Work instructions
There should be no pictures in your answer, only an exact copy of the lines from the one with "Now I can use" through the end of the material.

____ Data block

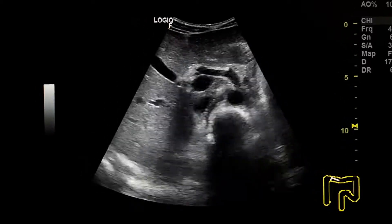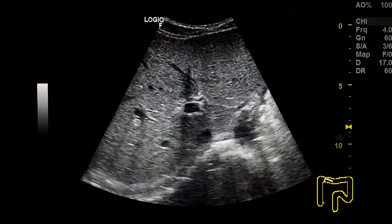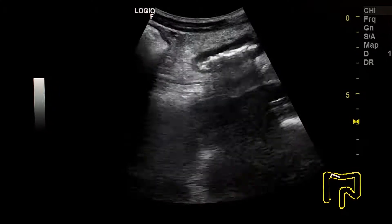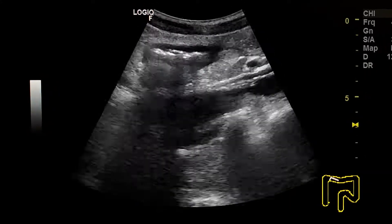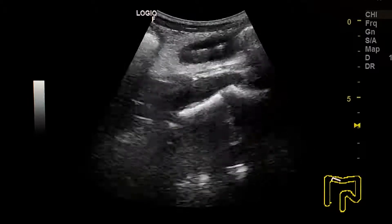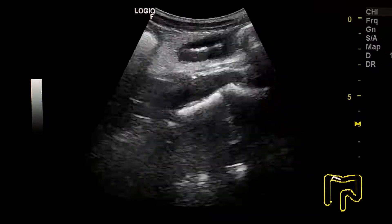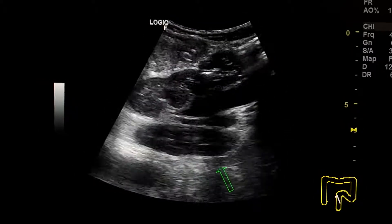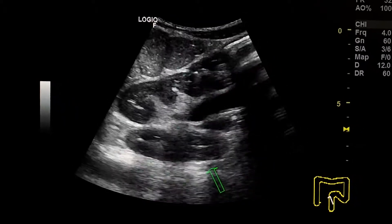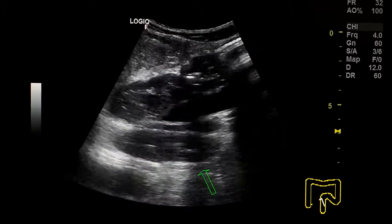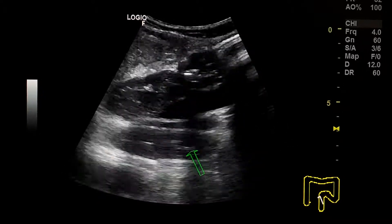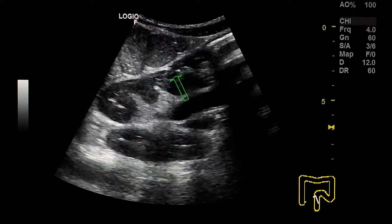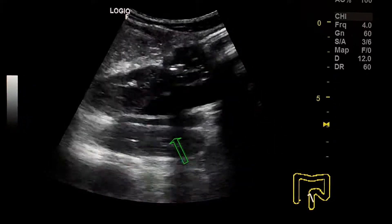Normal liver, gallbladder, and pancreas. This is the transverse colon at the level of the hepatic flexure, and this is a sagittal section at the level of the gallbladder. We see the sigmoid colon and rectum here.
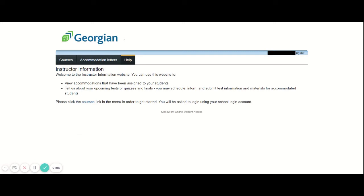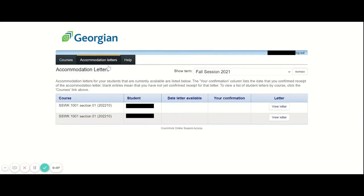After logging in, select Accommodation Letters. Make sure you're on the proper term that you'd like to see — in this case, click Fall Session 2021 — and you'll see your list of students with accommodation letters set up for this term.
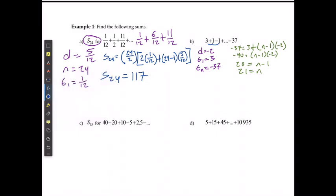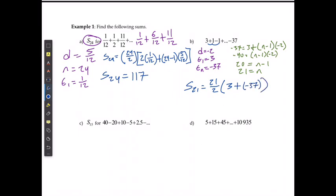Now I can use the formula with the last term. The sum of the first 21 numbers is going to be 21 divided by 2 multiplied by the first term plus the last term. The sum of the first 21 numbers is going to be negative 357.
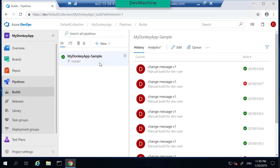We are going to build this program in the build machine instead of our development machine, and we are going to create some pipelines to do that. You already have a pipeline, and in the next lab session we are going to study this pipeline and learn how to publish the software using AWS CodeDeploy.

________

Output for this exercise
Now I can use the formula with the last term. The sum of the first 21 numbers is going to be 21 divided by 2 multiplied by the first term plus the last term. The sum of the first 21 numbers is going to be negative 357.
We are going to build this program in the build machine instead of our development machine, and we are going to create some pipelines to do that. You already have a pipeline, and in the next lab session we are going to study this pipeline and learn how to publish the software using AWS CodeDeploy.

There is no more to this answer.